Each of these technologies has its own pros and cons. The right choice depends on what you need them to do, what equipment you currently have, and how complex they are to operate. The good news is that there are only a few key differences between Smart DNS and VPN technology that will make it clear to almost anyone which service they should choose.
VPNs Offer Privacy, Smart DNS Doesn’t
A VPN encrypts your entire internet connection. That is unless you use an advanced feature known as split tunneling, which only routes selected data through the VPN. With a VPN your real IP address and internet activity are only known to the VPN provider. Most good VPN services do not keep any logs of their user’s activities. There’s also no way for your ISP (internet service provider) or anyone else monitoring your connection to know what you’re doing.
A Smart DNS offers no extra privacy protection at all. Although your individual data packets are encrypted on a per-site basis (assuming the site offers it), your ISP and anyone else watching your connection knows exactly which sites you’re visiting and what you’re downloading. If you need privacy in addition to geographical unblocking, a VPN is the right choice.
VPNs Can Degrade Internet Performance
If you use a VPN server that’s physically close to you, your internet performance shouldn’t suffer much if at all. There is some overhead from the extra encryption and routing steps, but in general, your bandwidth is preserved.
Unfortunately, if you want to change your virtual location, you need to use a server that’s in that part of the world. Inevitably this adds latency and reduces your available bandwidth.

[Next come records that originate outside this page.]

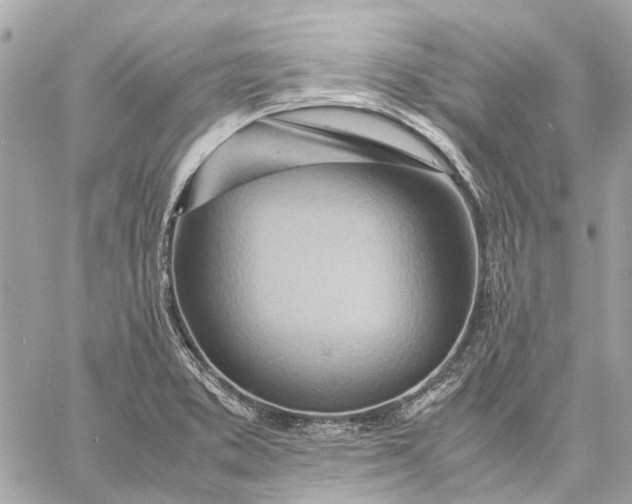 X0000057581373200510071558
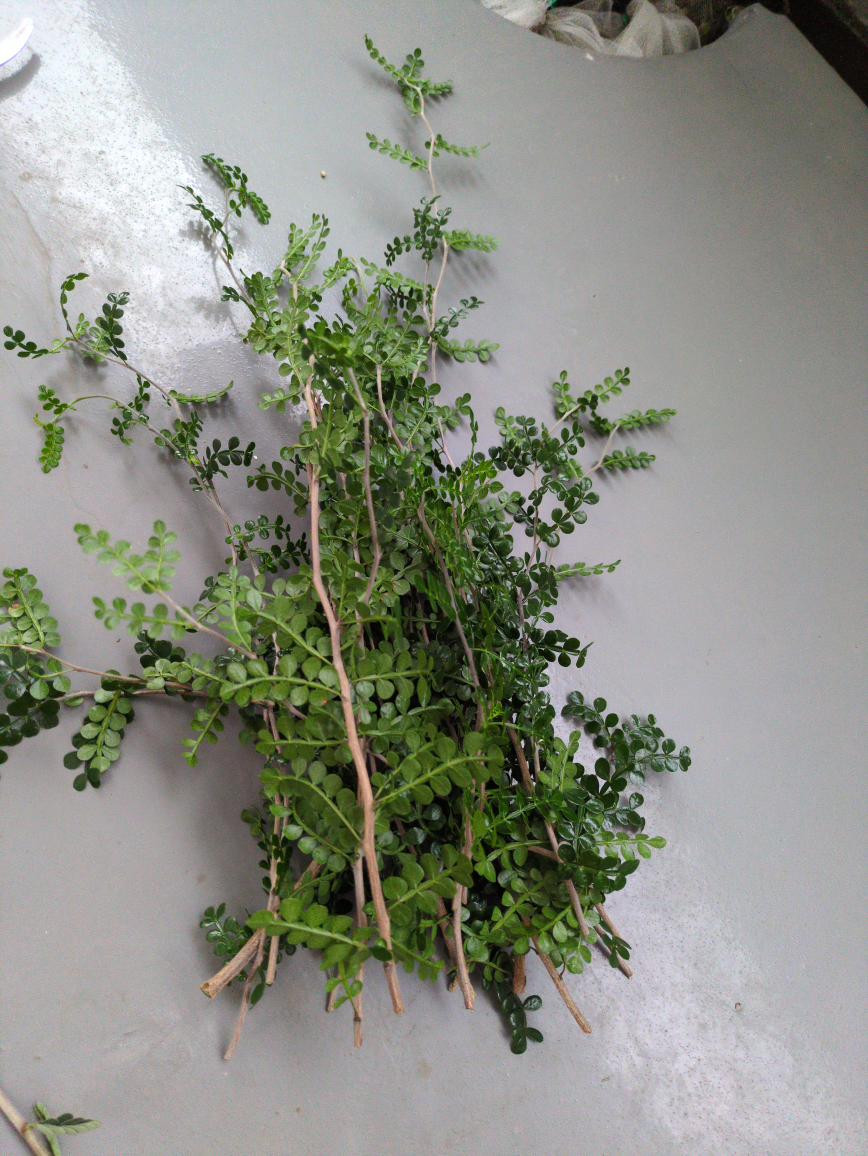 オペルクリカリア　マダガスカル希少灌木植物　挿し木用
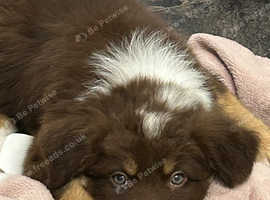 Last little boy brown tri with blue eyes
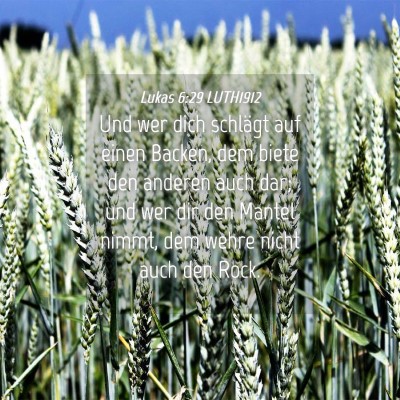 Picture 04 - Lukas 6:29 LUTH1912 - Und wer dich schlägt auf einen Backen, dem biete - Bible Verse Picture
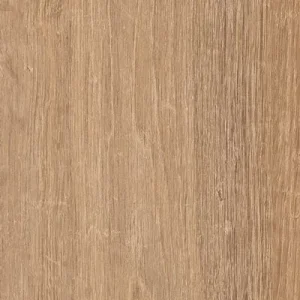 鹿特丹橡木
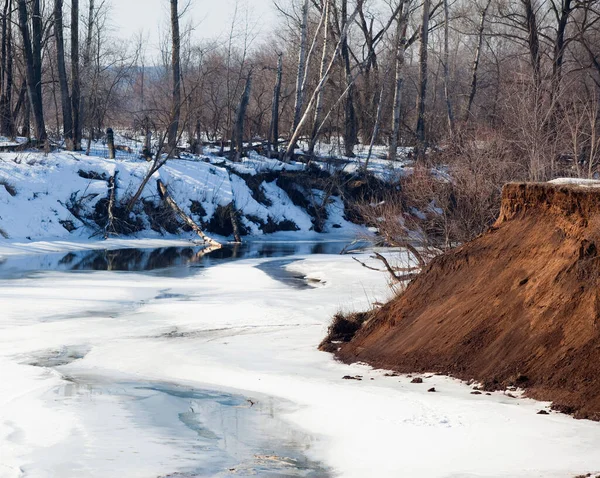 Sahilde yaprakları olmayan manzaralı nehir ağaçları ve güneşli bir baharın erken saatlerinde eriyen kar ve buzlar.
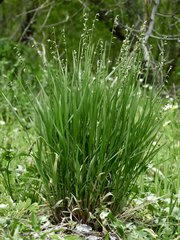Melica picta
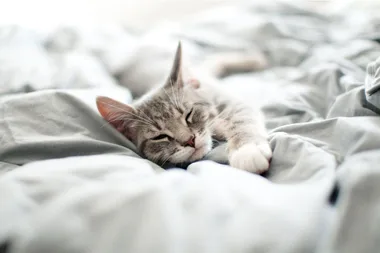Why you shouldn’t let your cat sleep in bed with you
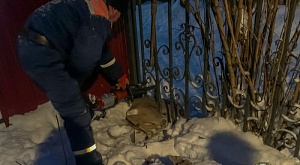 Спасатели владимирского РОСССОЮЗСПАСа освободили застрявшую в заборе косулю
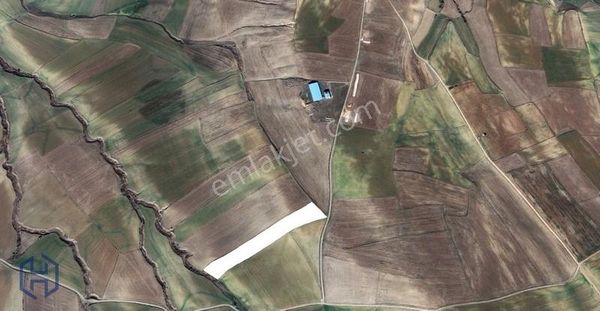 Harbert Nekerek (bağlarca) Satılık Fırsat Tarla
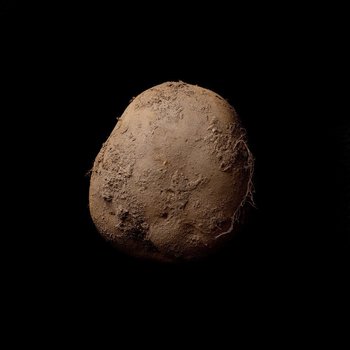 A photogenic potato, at least for renowned celebrity photographer Kevin Abosch. His "Potato #345" -- a simple portrait of an organic Irish spud -- reportedly sold for 1 million ($1.08 million) last year to a European businessman, who saw it while dining at Abosch's Paris home.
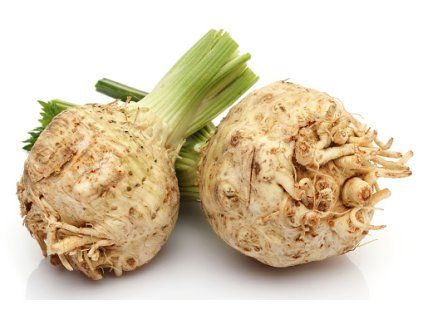 49 fresh celeriac on white background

The severity of the degradation depends on many factors, but inevitably your connection will take a hit.
Smart DNS Works With Virtually Any Device
In order to use a VPN, the device in question has to support a VPN app or it needs to support VPN settings. If you want to run the VPN for your entire network, your router has to be configured to use it. Most mainstream routers don’t have native support for VPNs, or at least not the most secure VPN protocols you’d actually want to use. You also need a router with a relatively beefy CPU to handle the encryption and decryption work. This is why most VPN services offer multiple connections under one subscription since users will most likely connect to the VPN using individual apps on multiple devices.
Smart DNS, on the other hand, is trivial to set up on any router. As long as the router allows you to specify custom DNS server addresses, it will work. The same goes for any device or computer. If it lets you add custom DNS server addresses, Smart DNS will work, and virtually all devices let you do this. The only small hiccough is that you have to register your IP address with the Smart DNS service, which usually just requires visiting a site and clicking a button. Unfortunately, most people have an internet service that uses dynamic IP address allocation, so you’ll have to do this every time your IP address changes.

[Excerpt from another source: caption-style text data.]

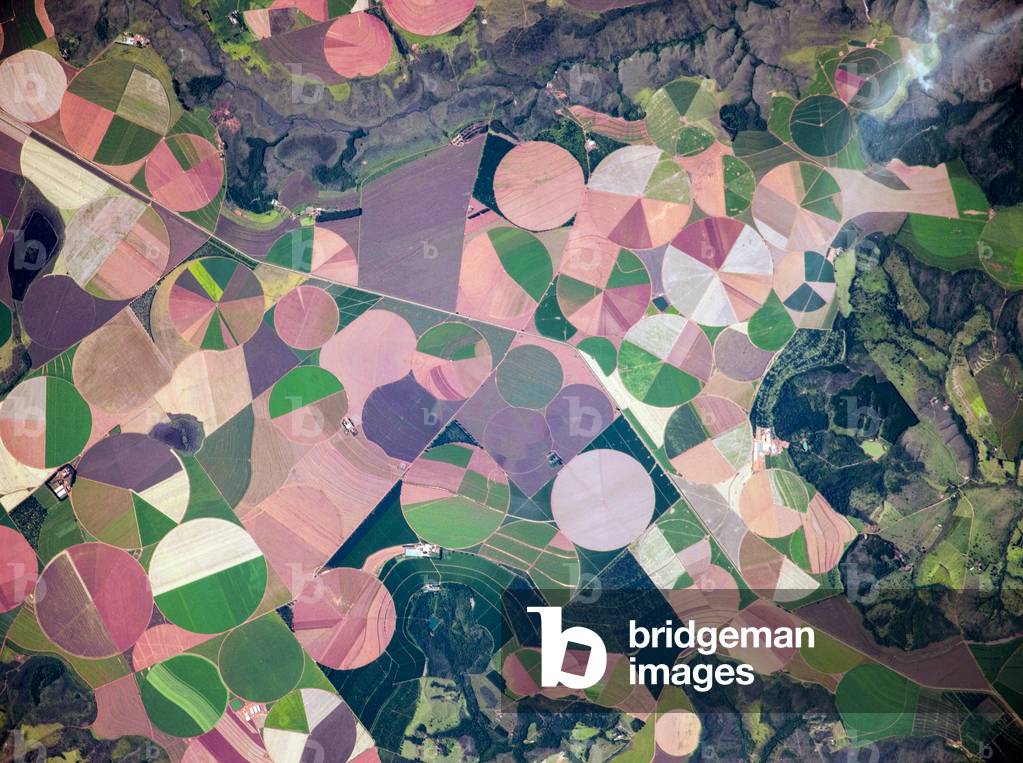 Agriculture in Brasil (photo)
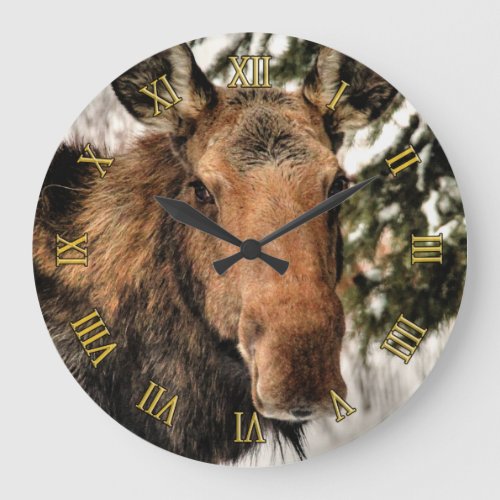 Wild Canadian Moose in Winter Snow Large Clock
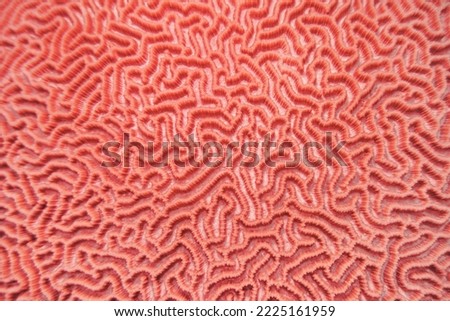 Abstract background in trendy coral color - Organic texture of the hard brain coral 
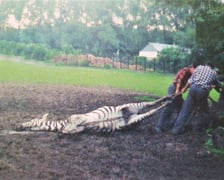 Powódź Tysiąclecia w ZOO Wrocław, lipiec 1997. Zebra rozbiła się spłoszona hukiem helikoptera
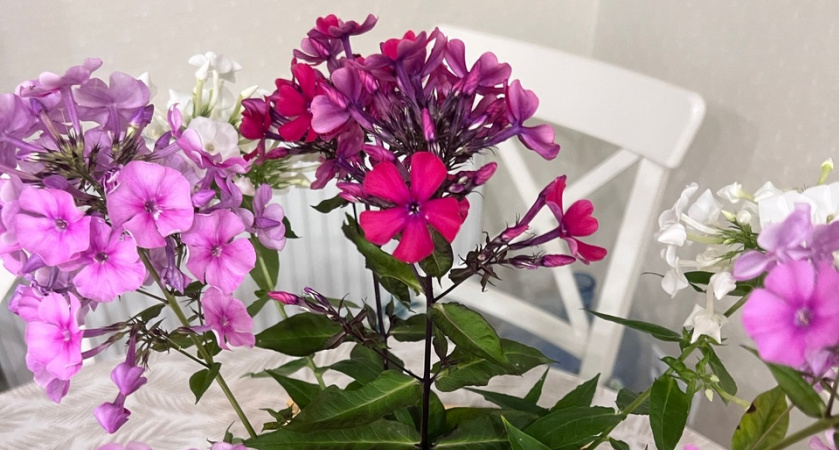 Как обеспечить пышное цветение герани: зола и банановая кожура — советы по подкормке без химии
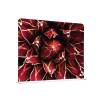 Textile Room Divider 200-150 Cactus Red - 3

Selective Routing Can Be Hard With a VPN
One major advantage of a Smart DNS is that it only affects the websites you choose. After all, you don’t want your bank thinking you’re trying to access your account from another country, triggering a security flag.
It is possible to use split tunneling to only route some traffic through your VPN, but setting split tunneling up can be complicated. These days some VPN apps, especially those running on set-top boxes, have an easy split tunneling feature built-in. All you have to do is specify which apps are routed. When it comes to specific websites or IP address ranges, however, the process can get technical.

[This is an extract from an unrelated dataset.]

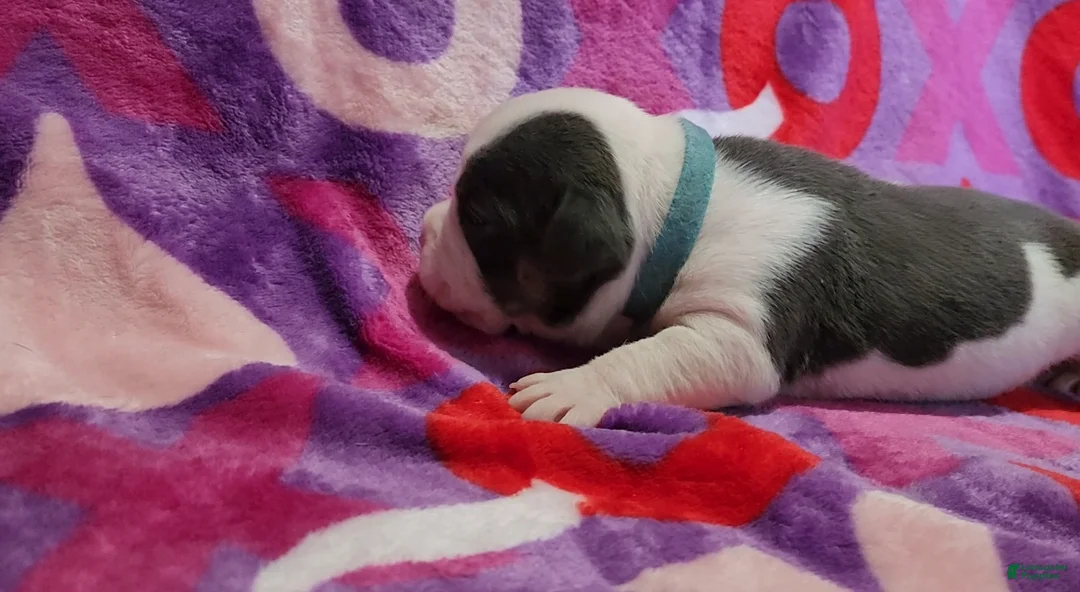 American Bully dogs for sale: Winter - Ad 3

Picking the Right Service in a Nutshell
To sum all of this information up, here’s who should choose a VPN as their geo-unblocking solution:
Users with high-speed connections to the remote server in question.
Users who need privacy at the same time as geo-unblocking.
Users who are using services that Smart DNS doesn’t work on.
A Smart DNS is the best option in these cases:
You have limited bandwidth or a slow connection to VPN servers in the target region.
You have a router or device that doesn’t support VPNs.
You don’t need VPN-grade privacy.
Smart DNS services are usually less expensive than VPN services as well, so if you don’t specifically need a VPN it may be worth trying a Smart DNS first to see if the less complicated option works for you.